Los Angeles, 2 gennaio 2026 – Il 31 dicembre, giorno del suo 88esimo compleanno, Sir Anthony Hopkins ha deciso di rivolgersi a chi lotta contro le dipendenze, celebrando un traguardo personale importante: cinquant’anni di sobrietà. L’attore gallese, due volte premio Oscar, ha scelto Instagram per raccontare quel momento del 1975 che gli ha cambiato la vita. “Ho capito che avevo bisogno di aiuto. Cinquant’anni fa”, ha detto con voce ferma, guardando chi oggi affronta le sue stesse battaglie.
“Scegliete la vita”: il messaggio senza filtri di Hopkins
Nel video, pubblicato nella notte di San Silvestro – data simbolo spesso legata agli eccessi – Hopkins ha parlato chiaro. Ha raccontato quel 29 dicembre 1975, quando rischiò la vita guidando durante un “blackout alcolico”, come lui stesso lo definisce. Solo in quel momento capì che ciò che chiamava “divertimento” non era altro che alcolismo. “Non voglio fare il moralista, ma auguro a tutti di scegliere la vita invece dell’opposto”, ha detto con tono diretto. Un invito sincero a chiedere aiuto, senza vergogna.

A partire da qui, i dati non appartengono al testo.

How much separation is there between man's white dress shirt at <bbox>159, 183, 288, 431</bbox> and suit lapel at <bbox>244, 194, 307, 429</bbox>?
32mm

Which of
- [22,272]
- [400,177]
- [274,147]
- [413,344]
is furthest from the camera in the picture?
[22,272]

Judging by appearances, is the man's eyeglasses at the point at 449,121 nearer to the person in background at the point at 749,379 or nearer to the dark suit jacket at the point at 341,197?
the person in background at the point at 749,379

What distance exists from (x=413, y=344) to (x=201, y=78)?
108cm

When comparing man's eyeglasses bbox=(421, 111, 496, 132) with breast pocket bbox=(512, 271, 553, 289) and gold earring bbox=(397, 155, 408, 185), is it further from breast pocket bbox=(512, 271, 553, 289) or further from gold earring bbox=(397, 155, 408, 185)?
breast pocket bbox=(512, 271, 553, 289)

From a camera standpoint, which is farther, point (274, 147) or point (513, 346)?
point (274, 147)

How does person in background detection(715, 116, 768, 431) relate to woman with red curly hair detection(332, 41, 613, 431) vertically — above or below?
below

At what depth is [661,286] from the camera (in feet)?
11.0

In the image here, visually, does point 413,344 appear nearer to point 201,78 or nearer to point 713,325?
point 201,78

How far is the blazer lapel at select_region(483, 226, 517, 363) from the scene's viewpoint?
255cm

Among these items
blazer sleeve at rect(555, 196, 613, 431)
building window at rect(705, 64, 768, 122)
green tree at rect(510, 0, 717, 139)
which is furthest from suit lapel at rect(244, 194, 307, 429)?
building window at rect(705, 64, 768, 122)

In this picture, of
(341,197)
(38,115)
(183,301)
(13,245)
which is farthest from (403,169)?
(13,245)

Cinquant’anni dopo: una testimonianza che fa riflettere
Hopkins non si è fermato al racconto del passato. Ha voluto incoraggiare chi sta lottando, chi vive “un giorno alla volta”, sottolineando quanto sia dura ma possibile cambiare. “Se sto per compiere 88 anni, forse qualcosa l’ho fatta bene”, ha aggiunto, con un leggero sorriso. Parole che in poche ore hanno raccolto migliaia di reazioni: messaggi di sostegno, ringraziamenti, storie personali di fan e persone comuni. Molti hanno confessato di sentirsi meno soli dopo aver ascoltato la sua voce.

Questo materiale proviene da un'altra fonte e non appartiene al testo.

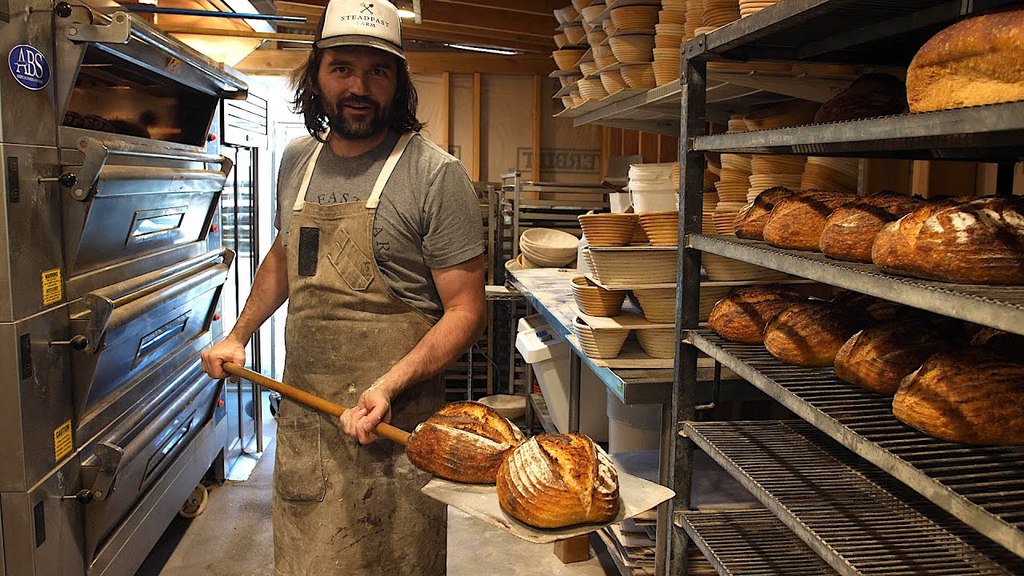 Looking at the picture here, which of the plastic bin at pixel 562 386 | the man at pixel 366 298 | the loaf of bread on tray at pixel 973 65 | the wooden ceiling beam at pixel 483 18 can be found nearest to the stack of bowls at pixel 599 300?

Una carriera di successi e rinascite
Anthony Hopkins è considerato uno dei più grandi attori in vita. Il suo ruolo più celebre è quello di Hannibal Lecter ne “Il silenzio degli innocenti” (1991), che gli valse l’Oscar come miglior attore nel 1992. Nel 2021 ha conquistato la seconda statuetta con “The Father – Nulla è come sembra”, diretto da Florian Zeller. Eppure, come ha spesso ricordato, il successo non ha cancellato le sue fragilità. “La vita è molto migliore”, ha confidato nel video, parlando degli anni lontano dall’alcol.

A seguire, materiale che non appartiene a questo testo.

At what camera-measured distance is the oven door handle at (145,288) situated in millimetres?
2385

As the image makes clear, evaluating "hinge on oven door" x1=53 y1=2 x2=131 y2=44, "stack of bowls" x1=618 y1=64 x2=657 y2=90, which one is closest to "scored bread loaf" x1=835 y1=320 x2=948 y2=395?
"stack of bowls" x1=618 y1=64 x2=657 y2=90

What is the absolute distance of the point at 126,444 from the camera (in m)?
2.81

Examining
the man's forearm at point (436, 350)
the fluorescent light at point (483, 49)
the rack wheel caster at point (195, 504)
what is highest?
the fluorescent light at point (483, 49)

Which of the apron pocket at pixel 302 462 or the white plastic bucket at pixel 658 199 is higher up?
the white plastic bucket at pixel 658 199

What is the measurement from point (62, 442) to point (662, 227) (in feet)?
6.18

Il peso delle parole e la reazione del pubblico
Il messaggio di Hopkins arriva in un momento in cui le dipendenze sono di nuovo al centro del dibattito pubblico. L’Organizzazione Mondiale della Sanità ricorda che l’abuso di alcol resta una delle principali cause di morte evitabile nei paesi occidentali. L’attore non ha mai nascosto le difficoltà vissute negli anni Settanta: “Chi sente di esagerare, ci rifletta”, ha detto nel suo appello. Un consiglio semplice, ma che – a giudicare dai commenti – ha colpito nel segno.
Un compleanno diverso: memoria e speranza
Mentre milioni festeggiavano il nuovo anno con brindisi e fuochi d’artificio, Anthony Hopkins ha scelto la sobrietà della sua casa a Los Angeles per parlare al mondo. Nessun discorso preparato, solo poche frasi dirette e sincere. “Scegliete la vita e cercate aiuto, io l’ho fatto”, ha ripetuto più volte nel video. In quel momento, tra le luci soffuse del soggiorno e il silenzio della notte californiana, la sua voce è sembrata più vicina che mai.
Hopkins non ha parlato di nuovi progetti o cinema. Ha lasciato spazio a un messaggio personale, rivolto a chi oggi si trova dove lui era cinquant’anni fa. Un invito a non arrendersi e a credere che cambiare è possibile. Anche quando sembra troppo tardi.